SUPPLIED RECORDS:
══════

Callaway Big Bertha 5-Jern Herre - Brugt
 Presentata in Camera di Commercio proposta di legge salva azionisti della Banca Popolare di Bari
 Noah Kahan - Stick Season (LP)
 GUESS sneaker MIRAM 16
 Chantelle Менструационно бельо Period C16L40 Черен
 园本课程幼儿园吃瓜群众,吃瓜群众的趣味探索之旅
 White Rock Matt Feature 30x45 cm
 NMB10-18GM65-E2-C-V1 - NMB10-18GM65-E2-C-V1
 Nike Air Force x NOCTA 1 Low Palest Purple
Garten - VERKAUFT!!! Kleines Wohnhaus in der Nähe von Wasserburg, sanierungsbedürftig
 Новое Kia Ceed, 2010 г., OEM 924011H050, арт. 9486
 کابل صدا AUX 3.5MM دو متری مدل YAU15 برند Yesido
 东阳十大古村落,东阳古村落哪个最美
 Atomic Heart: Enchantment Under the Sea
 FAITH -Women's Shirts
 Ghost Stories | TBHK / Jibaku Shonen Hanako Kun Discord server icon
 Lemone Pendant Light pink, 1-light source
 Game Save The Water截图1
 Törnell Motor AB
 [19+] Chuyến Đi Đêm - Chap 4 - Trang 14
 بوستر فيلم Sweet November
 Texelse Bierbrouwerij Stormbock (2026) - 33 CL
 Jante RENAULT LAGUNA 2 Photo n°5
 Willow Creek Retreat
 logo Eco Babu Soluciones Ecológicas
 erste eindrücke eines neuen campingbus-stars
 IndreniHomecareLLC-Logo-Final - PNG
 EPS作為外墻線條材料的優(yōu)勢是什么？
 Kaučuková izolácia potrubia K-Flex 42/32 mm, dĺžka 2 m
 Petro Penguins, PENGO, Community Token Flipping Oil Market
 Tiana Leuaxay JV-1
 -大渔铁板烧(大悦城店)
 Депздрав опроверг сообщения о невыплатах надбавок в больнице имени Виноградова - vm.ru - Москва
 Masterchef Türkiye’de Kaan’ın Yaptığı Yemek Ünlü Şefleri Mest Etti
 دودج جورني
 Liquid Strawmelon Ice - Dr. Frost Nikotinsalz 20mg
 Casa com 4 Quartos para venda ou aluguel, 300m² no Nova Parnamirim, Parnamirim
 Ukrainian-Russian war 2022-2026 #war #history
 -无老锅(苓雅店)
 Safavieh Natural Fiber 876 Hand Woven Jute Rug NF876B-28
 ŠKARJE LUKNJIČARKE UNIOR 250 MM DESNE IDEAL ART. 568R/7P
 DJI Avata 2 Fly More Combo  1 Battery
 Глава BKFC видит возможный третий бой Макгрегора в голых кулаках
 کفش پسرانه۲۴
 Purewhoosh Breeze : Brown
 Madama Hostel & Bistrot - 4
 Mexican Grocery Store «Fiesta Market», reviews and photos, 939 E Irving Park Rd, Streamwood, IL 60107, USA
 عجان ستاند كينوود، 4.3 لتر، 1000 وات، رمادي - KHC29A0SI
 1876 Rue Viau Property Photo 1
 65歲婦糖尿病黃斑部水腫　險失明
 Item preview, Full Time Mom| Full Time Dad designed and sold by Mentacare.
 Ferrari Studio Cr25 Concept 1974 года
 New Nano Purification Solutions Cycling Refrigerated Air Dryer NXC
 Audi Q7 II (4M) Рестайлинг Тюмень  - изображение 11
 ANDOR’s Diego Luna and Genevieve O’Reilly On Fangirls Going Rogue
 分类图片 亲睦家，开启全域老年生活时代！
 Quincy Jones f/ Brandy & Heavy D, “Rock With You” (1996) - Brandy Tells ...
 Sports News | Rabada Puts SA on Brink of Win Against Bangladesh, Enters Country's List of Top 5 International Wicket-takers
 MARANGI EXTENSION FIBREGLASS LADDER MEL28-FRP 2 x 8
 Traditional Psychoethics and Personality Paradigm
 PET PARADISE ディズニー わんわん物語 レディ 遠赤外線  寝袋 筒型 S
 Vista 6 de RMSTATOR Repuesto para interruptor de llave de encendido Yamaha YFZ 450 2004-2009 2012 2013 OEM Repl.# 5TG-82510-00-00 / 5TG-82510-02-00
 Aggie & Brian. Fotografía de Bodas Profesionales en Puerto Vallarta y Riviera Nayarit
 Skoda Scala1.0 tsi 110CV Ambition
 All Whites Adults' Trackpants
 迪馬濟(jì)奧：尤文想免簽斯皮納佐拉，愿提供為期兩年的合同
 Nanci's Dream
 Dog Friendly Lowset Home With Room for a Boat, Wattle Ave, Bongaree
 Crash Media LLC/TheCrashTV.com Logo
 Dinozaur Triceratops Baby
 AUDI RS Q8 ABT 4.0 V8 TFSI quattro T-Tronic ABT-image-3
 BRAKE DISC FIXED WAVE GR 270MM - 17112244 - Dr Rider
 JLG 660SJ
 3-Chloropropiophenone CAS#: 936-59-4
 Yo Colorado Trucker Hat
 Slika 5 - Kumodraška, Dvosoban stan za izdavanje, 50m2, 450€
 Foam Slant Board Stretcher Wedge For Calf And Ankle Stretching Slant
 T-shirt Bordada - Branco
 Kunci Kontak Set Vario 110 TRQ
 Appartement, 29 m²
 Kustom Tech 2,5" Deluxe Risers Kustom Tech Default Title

══════

TASK DETAILS: Quote verbatim the opening lines of the listing above, ending with the line where "NMB10-18GM65-E2-C-V1 - NMB10-18GM65-E2-C-V1" appears; include both endpoints and nothing more.

ANSWER SPACE:
Callaway Big Bertha 5-Jern Herre - Brugt
 Presentata in Camera di Commercio proposta di legge salva azionisti della Banca Popolare di Bari
 Noah Kahan - Stick Season (LP)
 GUESS sneaker MIRAM 16
 Chantelle Менструационно бельо Period C16L40 Черен
 园本课程幼儿园吃瓜群众,吃瓜群众的趣味探索之旅
 White Rock Matt Feature 30x45 cm
 NMB10-18GM65-E2-C-V1 - NMB10-18GM65-E2-C-V1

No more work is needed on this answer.